Records to use:
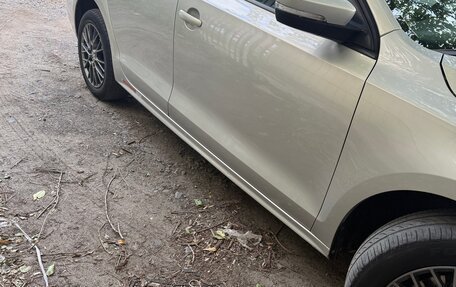 Volkswagen Jetta VII, 2011 год, 1 150 000 рублей, 4 фотография
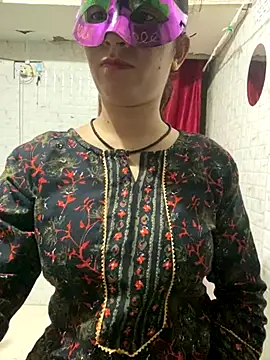 Red Queen 11 online show from November 2025 06:56:02 PM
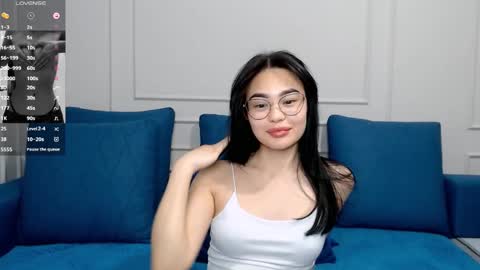 Snapshot of little_v1rgin_angel chatting on March 2, 2025, 5:14 pm Kwan online show from March 2, 2025, 5:14 pm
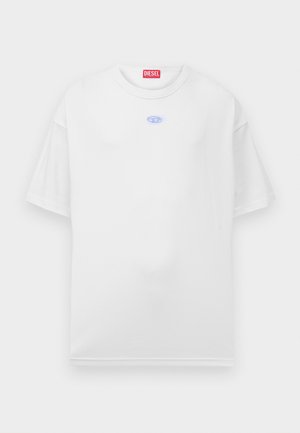 T-shirt Diesel blanc à manches courtes avec un petit logo bleu sur la poitrine et une étiquette Diesel rouge à l'intérieur du col.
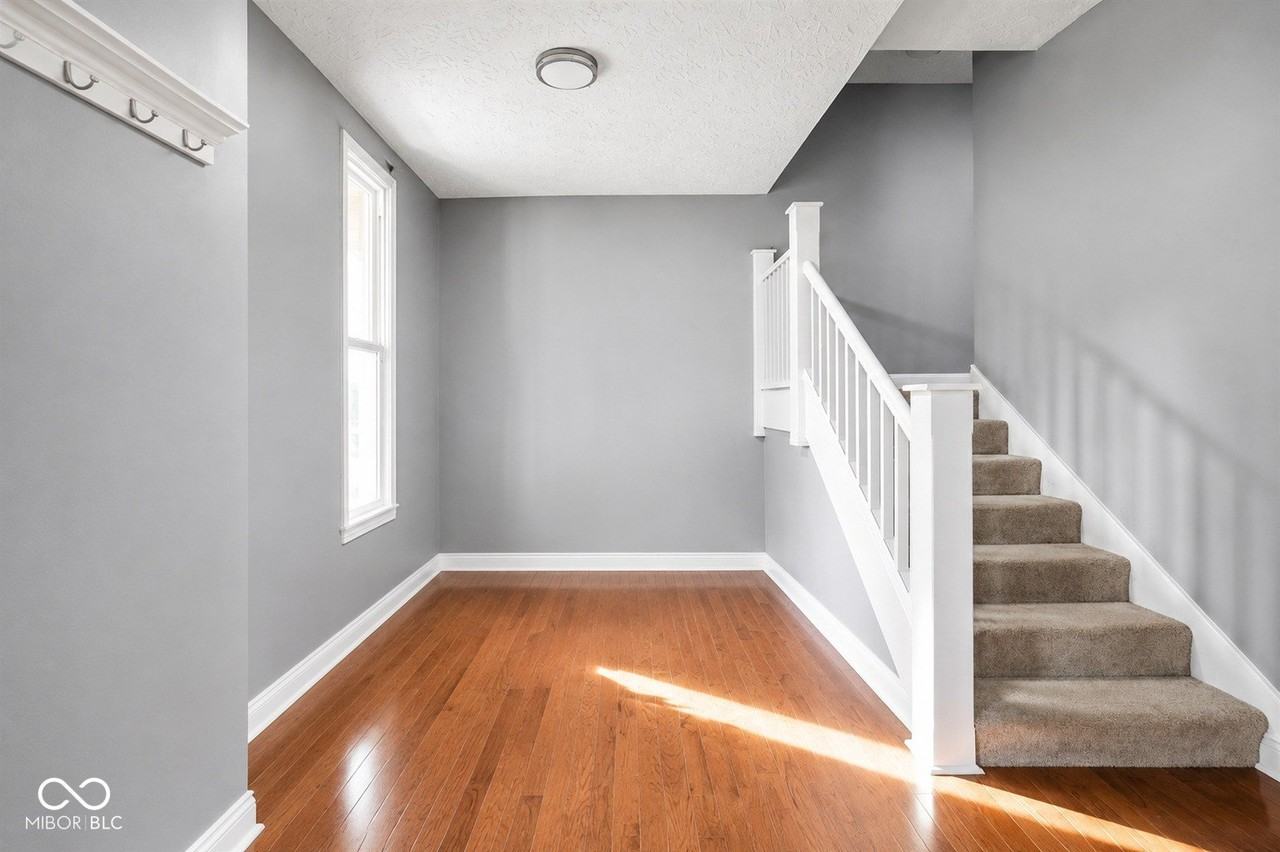 1124 Evison St - Photo 4 of 16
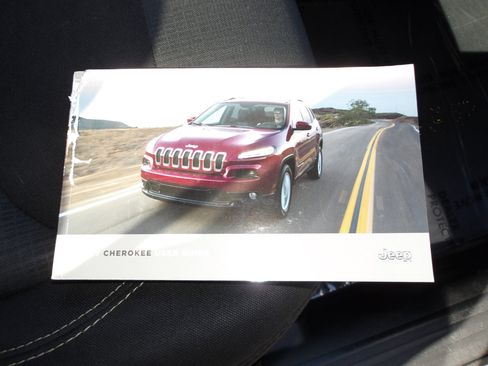 Used 2017 Jeep Cherokee Latitude w/ Comfort/Convenience Group image 25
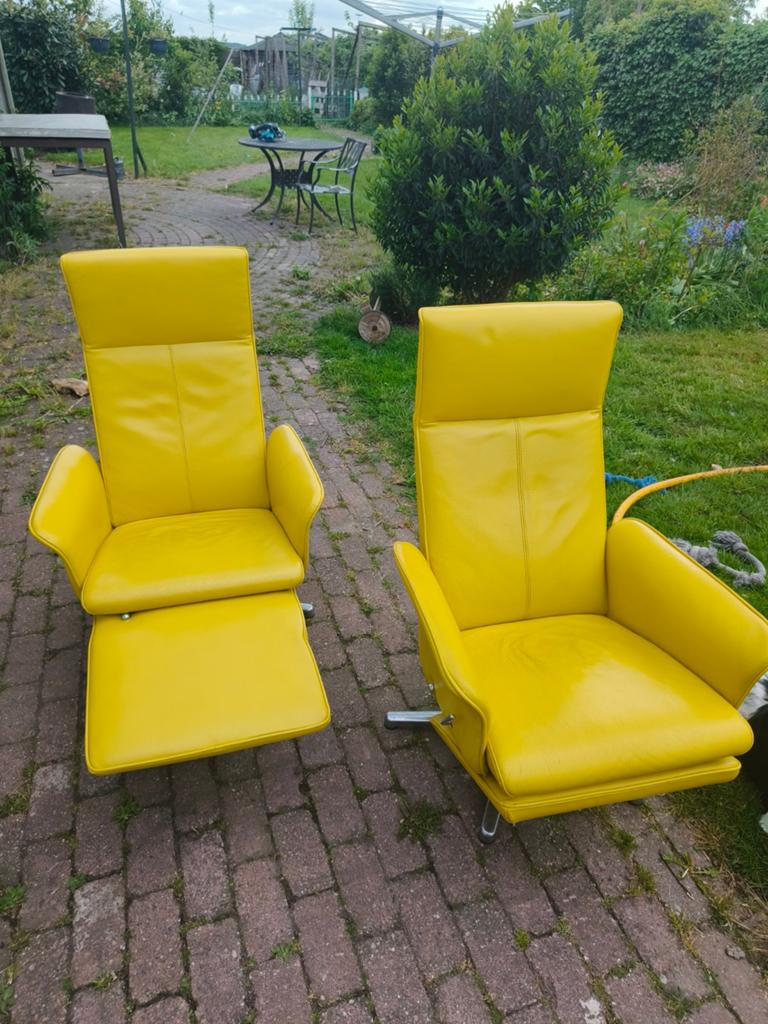 Twee loungestoelen geel handmatige bediening, Ophalen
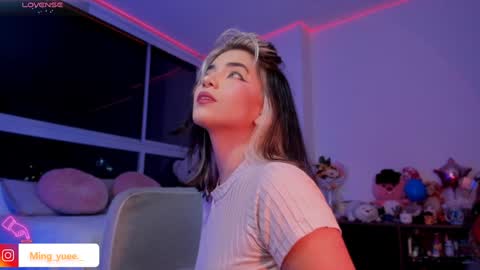Snapshot of ming_yue_ chatting on January 2025 02:37:01 AM My name is Fer Nice to meet you  give it a thumbs up please its important online show from January 2025 02:37:01 AM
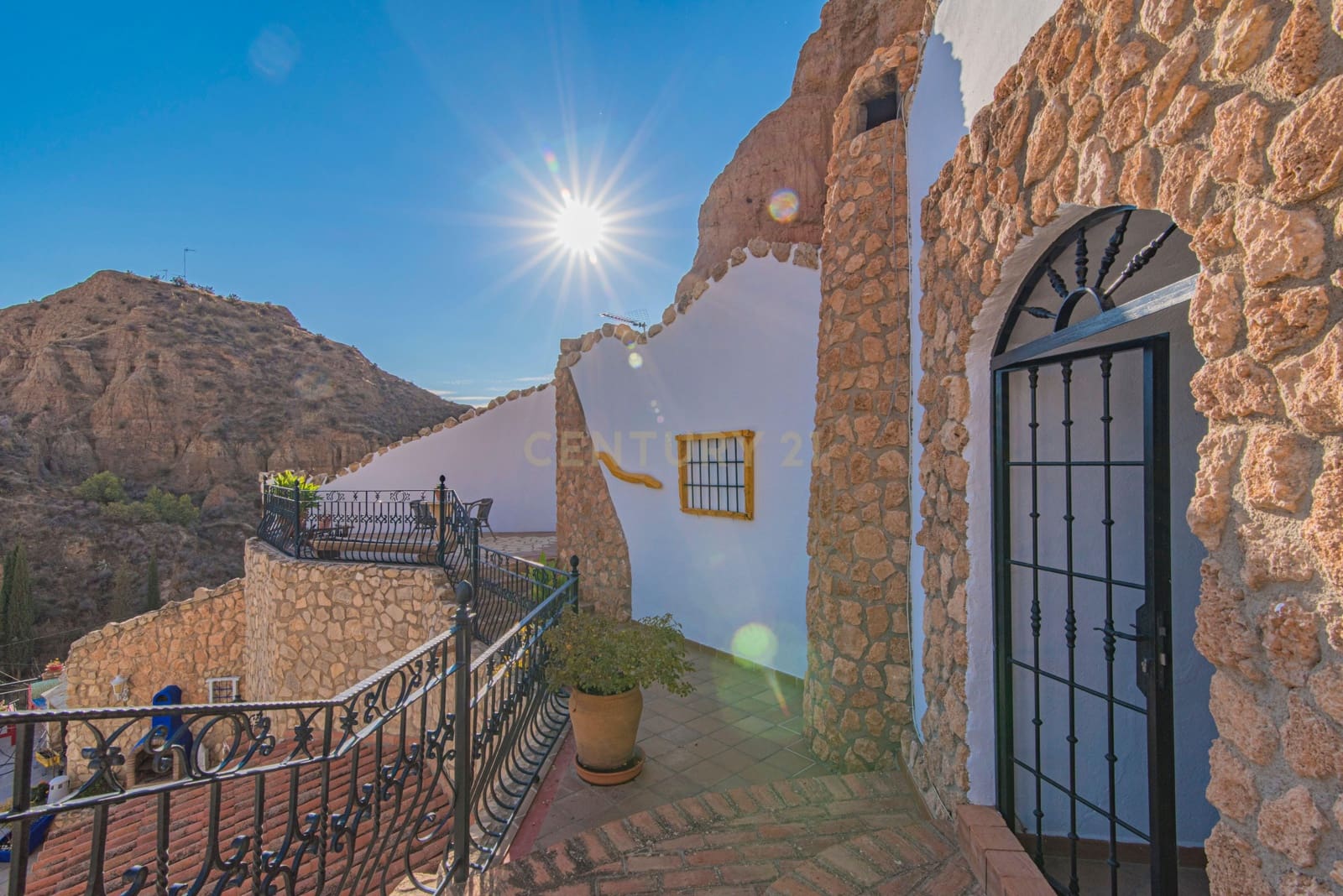 5 bedroom Cave House for sale in Guadix - € 430,000 (Ref: 9669197)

Task instructions:
Copy out exactly the lines that run from the line containing "Twee loungestoelen geel" through the last line of the material, and nothing more; omit the pictures.

Answer for this exercise:
 Twee loungestoelen geel handmatige bediening, Ophalen
Snapshot of ming_yue_ chatting on January 2025 02:37:01 AM My name is Fer Nice to meet you  give it a thumbs up please its important online show from January 2025 02:37:01 AM
 5 bedroom Cave House for sale in Guadix - € 430,000 (Ref: 9669197)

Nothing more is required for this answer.